“ ‘You’ll stay with him, won’t you, Clement?’ she said to me, ‘because I really must get back to the City.’ And away she and the biddable husband went. I noticed that he reached out and patted John’s insensible hand before he left.

“So that was it, and after a while the bandages came off, and the face you know was seen for the first time. He was no beauty before, but now he was like a man in a red mask, which has faded with time. I am sure Toronto plastic surgeons could have done a good deal for him in the years that followed, but the Parlabane family did nothing about it.”

“Didn’t make a fuss with the camp?”

“The people who owned the camp were friends; they didn’t want to injure them. John thought it a great injustice.”

“And that was what made him the way he is?”

“In part, I suppose. Certainly it did nothing to make him otherwise. He and his Mother were cat and dog after that. He called her The Bitch Goddess, after Henry James’s Bitch Goddess Success. She was a success, in her terms. He insisted she had deserted him when he most needed her; she said to me more than once that she had seen that everything was done that could be done, and she thought he was making a great deal of a misfortune that could happen to anyone. But that’s by the way—though I suppose it throws some light on him, and on her, of course. The fact that he could not bear to tell you—though I am sure he told you in affecting terms about his other great betrayal by that egotistical catamite Henry Loewi III, the Beauty of Princeton—shows how much it affected him.

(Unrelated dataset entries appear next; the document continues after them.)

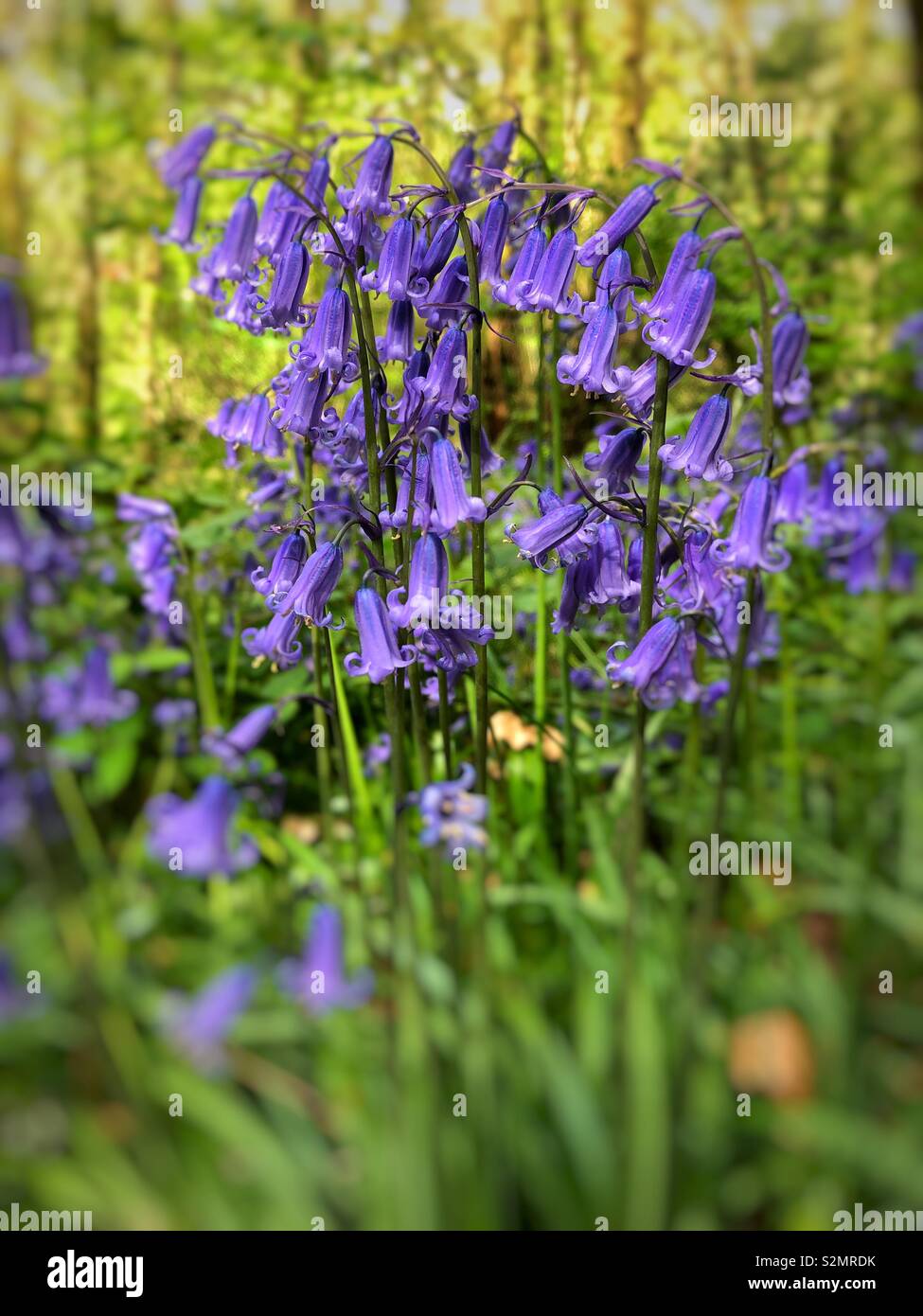 Common Bluebells ( Hyacinthoides non- scripta) growing in South Wales, UK, early May. Stock Photo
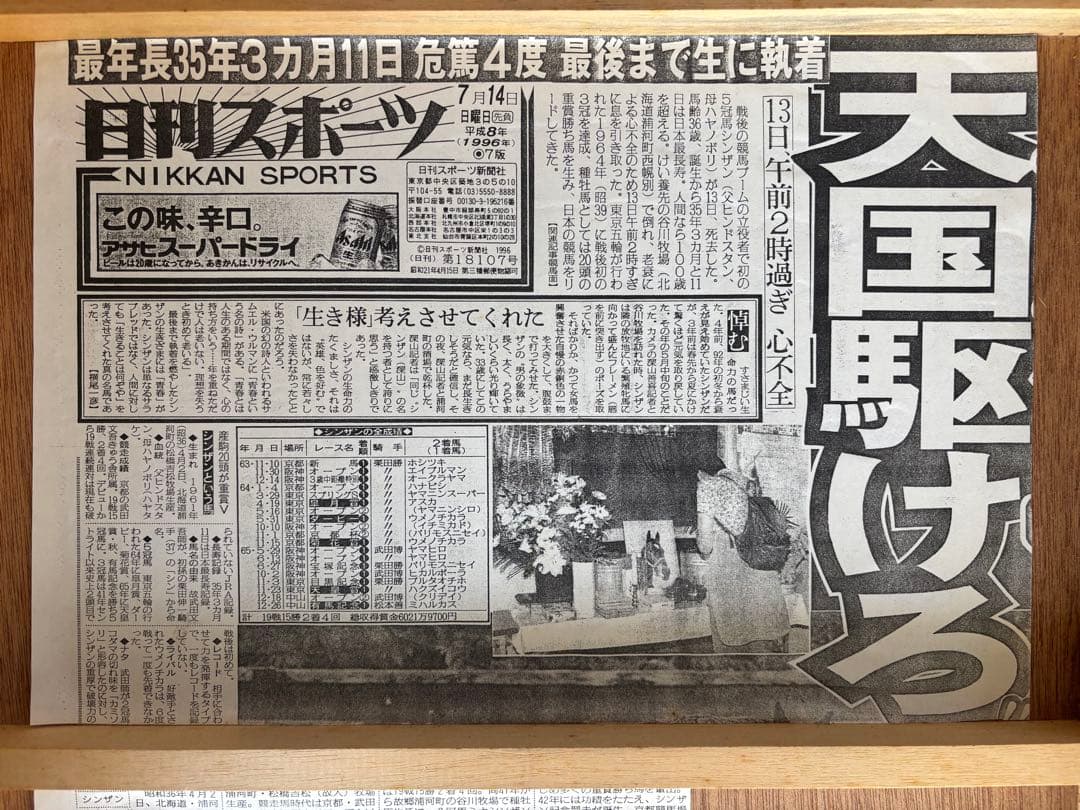 シンザン　昭和40年天皇賞 競馬パネル 日刊スポーツ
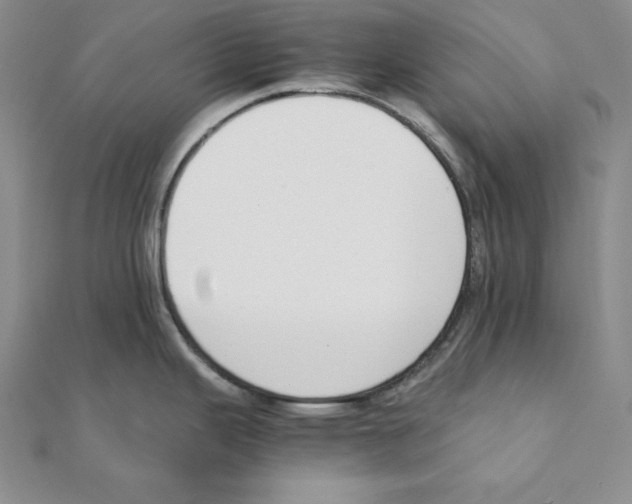 X0000111141343200907281104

“I hope things may look up a little for him now. I’ve managed to get a job for him and he’s away at this minute arranging about it. Appleton, who does some lecturing in Extension, has broken his hip, and even when he gets back on the job he will have to lighten his load. So I have persuaded the director of that division to take Parlabane on to finish out the year; once a week on Basic Principles in Philosophy, and twice a week on Six Major Philosophical Texts.”

“That’s marvellous.”

“I’m afraid he doesn’t think so. Extension means teaching at night, and most of the people in the classes are middle-aged and opinionated; it won’t be the thrill of moulding the young, which is what he likes.”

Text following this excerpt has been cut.